Size-Dependent Tensile Behavior of Nanocrystalline HfNbTaTiZr High-Entropy Alloy: Roles of Solid-Solution and Short-Range Order

TL;DR

This paper explores how nanocrystalline HfNbTaTiZr high-entropy alloy's mechanical properties vary with size, focusing on the influences of solid-solution randomness and short-range order, using advanced simulations and theoretical models.

Contribution

It introduces a machine learning-based framework for modeling interatomic forces and analyzes the effects of solid-solution and short-range order on size-dependent mechanical behavior.

Findings

RSS increases strength

CSRO enhances strain hardening and failure resistance

Transition from Hall-Petch to inverse Hall-Petch is suppressed by CSRO

Abstract

This study investigates the size-dependent mechanical behavior of the HfNbTaTiZr refractory high-entropy alloy (RHEA) under uniaxial tension, with a focus on the effects of random solid-solution (RSS) and chemical short-range order (CSRO). A machine learning framework is developed to accelerate the parameterization of interatomic force fields (FFs), enabling molecular dynamics simulations of three nanocrystalline models: (i) a meta-atom (MA) mode representing the RHEA as a hypothetical sing-element system with averaged properties, (ii) a quinary RSS model with randomly distributed constituent atoms, and (iii) a Monte Carlo (MC) model with internal CSRO. The results reveal that RSS enhances strength, while CSRO reduces flow stress level but improves strain hardening and failure resistance.
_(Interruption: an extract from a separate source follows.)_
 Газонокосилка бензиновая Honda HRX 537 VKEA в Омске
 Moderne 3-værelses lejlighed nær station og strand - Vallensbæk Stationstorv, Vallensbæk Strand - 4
A transition from Hall-Petch (HP) strengthening to inverse Hall-Petch (IHP) softening is observed, with CSRO suppressing this transition. The underlying plastic mechanisms (i.e., dislocation slip, deformation twinning, phase transformation and grain boundary movements) are analyzed from both nanostructural and energetic perspectives. Theoretical models are established to describe the size-dependent yield strength and predict the critical grain size. Additionally, the contributions of different plastic mechanisms to the overall stress response are separately quantified. These findings provide new insights into the design and performance optimization of RHEAs through nanostructural engineering.